ACTION ITEM
Give the records below again in full, exactly as written, but without any images.

[PROVIDED MATERIAL — start]

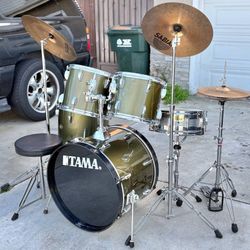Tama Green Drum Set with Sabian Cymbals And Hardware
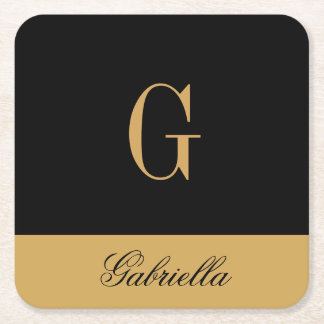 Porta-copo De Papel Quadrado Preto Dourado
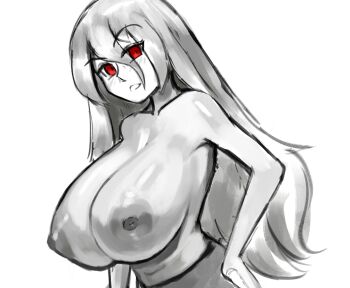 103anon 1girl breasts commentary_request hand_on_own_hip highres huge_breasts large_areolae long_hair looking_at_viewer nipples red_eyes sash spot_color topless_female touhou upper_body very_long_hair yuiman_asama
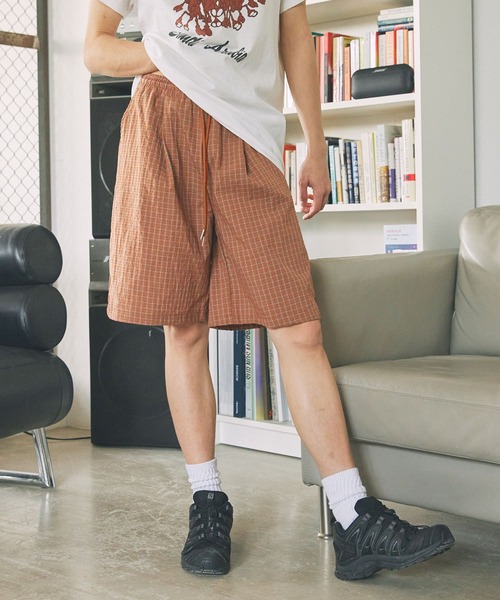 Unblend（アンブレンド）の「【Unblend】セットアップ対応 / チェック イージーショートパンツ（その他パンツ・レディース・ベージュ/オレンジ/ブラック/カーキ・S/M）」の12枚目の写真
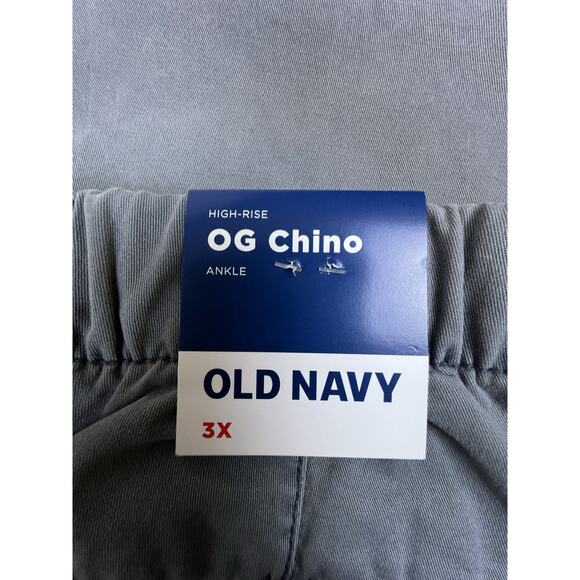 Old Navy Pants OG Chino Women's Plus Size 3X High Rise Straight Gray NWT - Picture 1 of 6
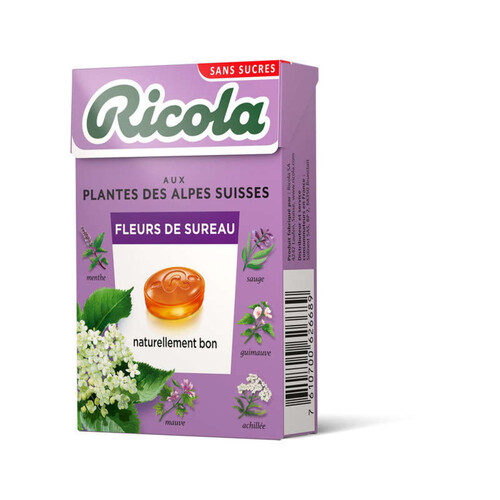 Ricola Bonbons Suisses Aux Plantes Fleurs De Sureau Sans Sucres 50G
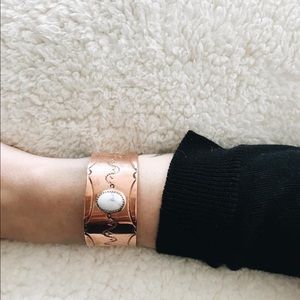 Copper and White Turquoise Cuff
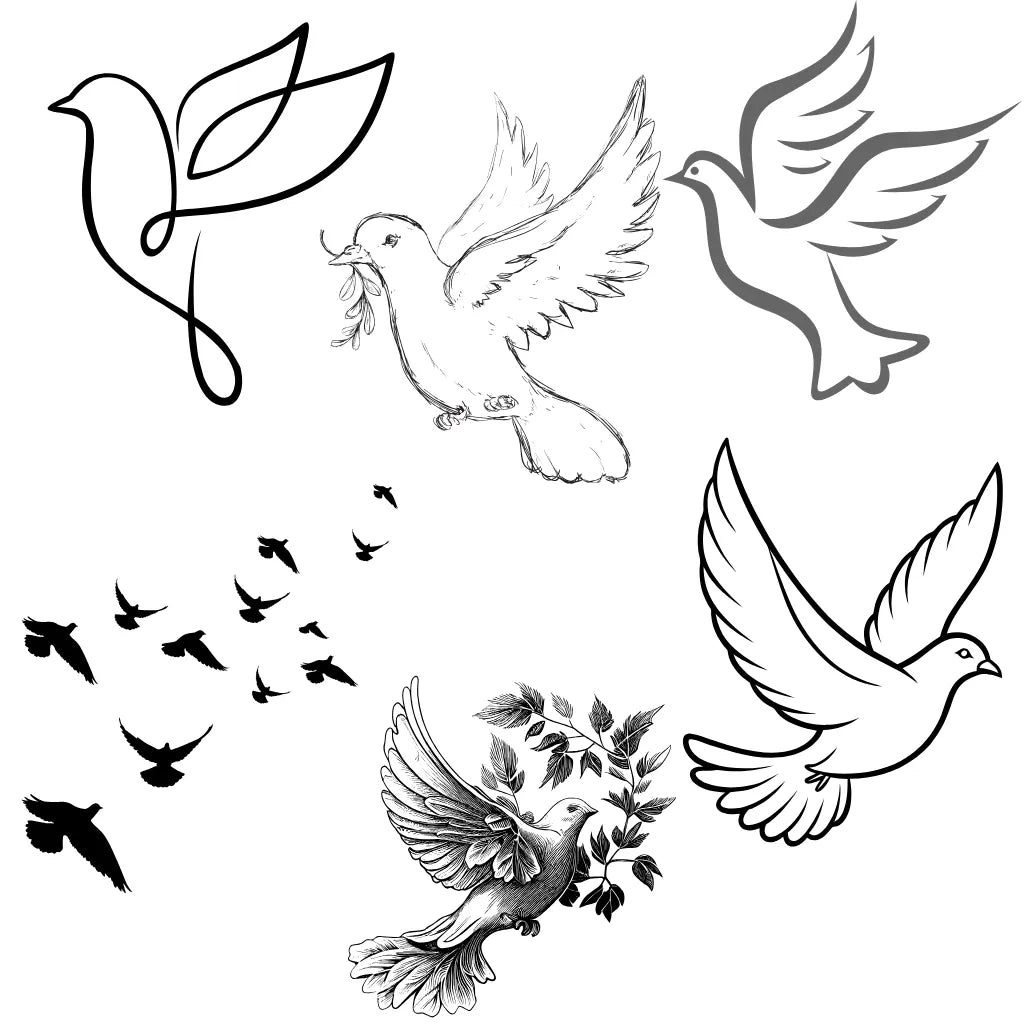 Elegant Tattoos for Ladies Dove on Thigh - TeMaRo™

[PROVIDED MATERIAL — finish]

TASK ANSWER
Tama Green Drum Set with Sabian Cymbals And Hardware
 Porta-copo De Papel Quadrado Preto Dourado
 103anon 1girl breasts commentary_request hand_on_own_hip highres huge_breasts large_areolae long_hair looking_at_viewer nipples red_eyes sash spot_color topless_female touhou upper_body very_long_hair yuiman_asama
 Unblend（アンブレンド）の「【Unblend】セットアップ対応 / チェック イージーショートパンツ（その他パンツ・レディース・ベージュ/オレンジ/ブラック/カーキ・S/M）」の12枚目の写真
 Old Navy Pants OG Chino Women's Plus Size 3X High Rise Straight Gray NWT - Picture 1 of 6
 Ricola Bonbons Suisses Aux Plantes Fleurs De Sureau Sans Sucres 50G
 Copper and White Turquoise Cuff
 Elegant Tattoos for Ladies Dove on Thigh - TeMaRo™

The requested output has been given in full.